OCR Biology F211

CELLS
1. MICROSCOPES
  1. MAGNIFICATION: the degree to which an image is larger than the object itself.
  2. RESOLUTION: the ability to clearly distinguish between two objects that are very close together.
  3. LIGHT MICROSCOPE
    1. Uses a number of lenses to produce an image.
      1. Light passes from the bulb under the stage, through a condenser lens then through the specimen.
        This light is focussed through the objective lens then through the eyepiece lens
        To view things at different magnifications different objective lenses can be rotated into position.
        Usually four lenses are present. X4, X10, X40 and the X10 lens is an oil immersion lens.
        The eye piece them magnifies the image usually by X10.

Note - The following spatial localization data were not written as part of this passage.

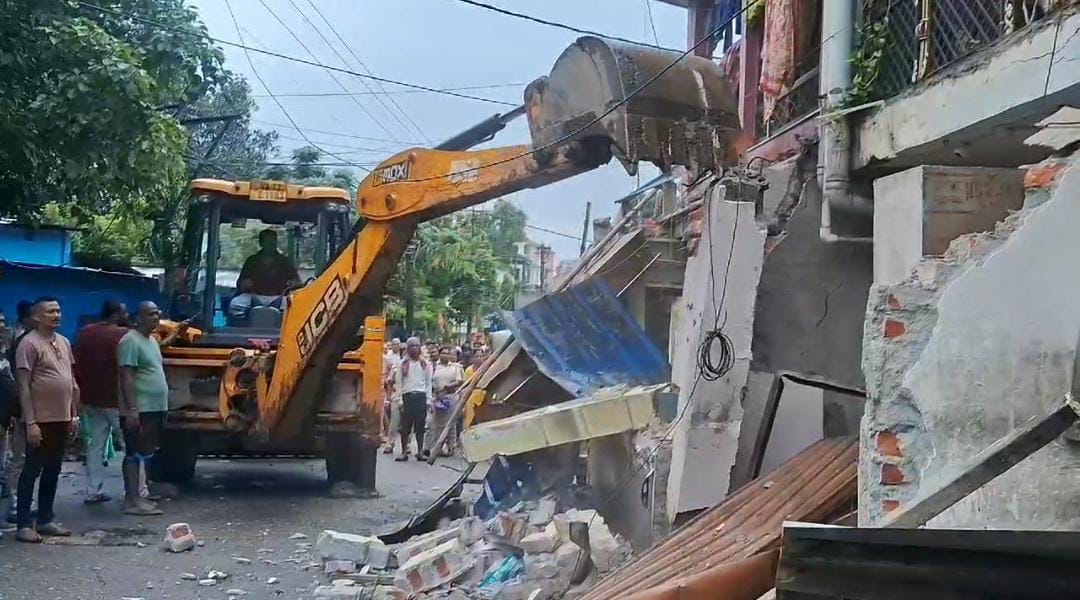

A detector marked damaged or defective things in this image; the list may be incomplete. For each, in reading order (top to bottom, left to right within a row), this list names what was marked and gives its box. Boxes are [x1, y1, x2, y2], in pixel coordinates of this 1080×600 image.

rusty metal sheet [501, 280, 669, 401]
damaged building [365, 0, 1080, 595]
broken brick [881, 319, 907, 336]
cracked plaster wall [864, 155, 1080, 528]
broken concrete slab [462, 382, 669, 461]
rusty metal sheet [578, 435, 855, 600]
broken brick [876, 429, 902, 457]
broken brick [881, 461, 907, 485]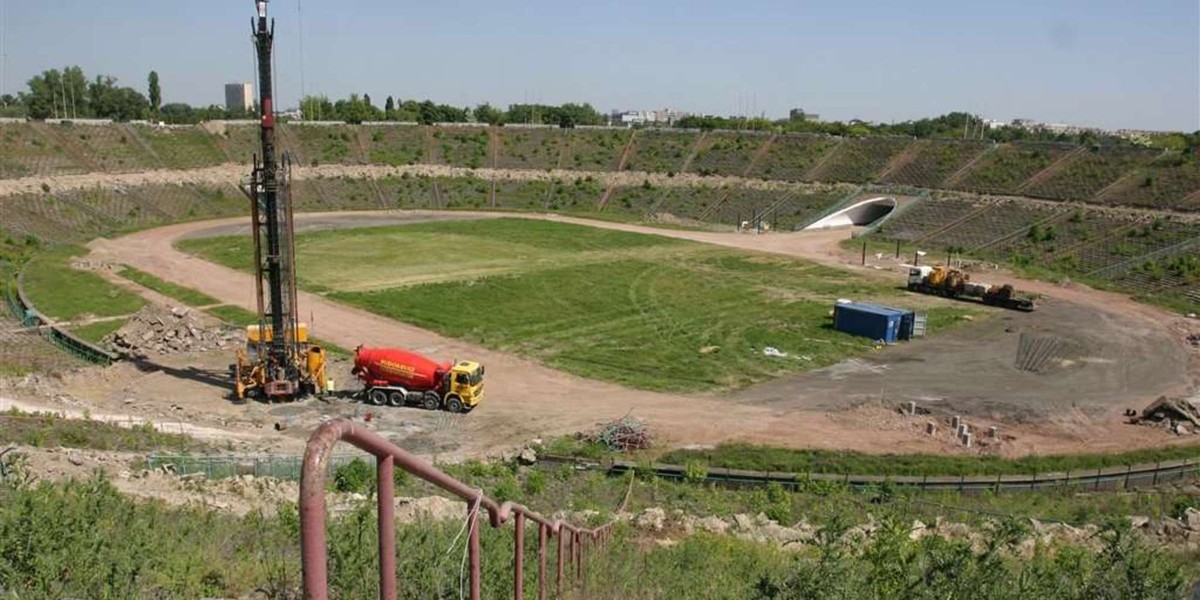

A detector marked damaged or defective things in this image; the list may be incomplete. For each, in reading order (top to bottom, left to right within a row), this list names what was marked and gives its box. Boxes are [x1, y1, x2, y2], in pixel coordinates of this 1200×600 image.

    2. Max magnification of X1500
    3. Max resolution 200nm.
    4. Wide range of specimen
  4. SEM
    1. Resolution of 0.1 nm.
    2. Magnification of X100,000
    3. SEM gives a 3D image so cell surface structures can be seen.
  5. TEM
    1. Resolution of 0.1nm
    2. Magnification of X500,000
    3. 2D picture but allows details of organelles to be seen.
  6. Staining
    1. White blood cells cant be seen without it
    2. Creates a higher contrast within the cell
    3. Acetic Orcein stains DNA red.
    4. Electron micrographs are coloured using software.
  7. I A M
2. ORGANELLES
  1. Nucleus: largest organelle, houses genetic information
  2. Nucleolus, dense sphere inside nucleus. makes ribosomes and RNA
  3. Nuclear envelope: surrounds nucleus Double membrane with nuclear pores allowing mRNA through
  4. R/S ER: Continuous with nuclear envelope, ER has ribosomes.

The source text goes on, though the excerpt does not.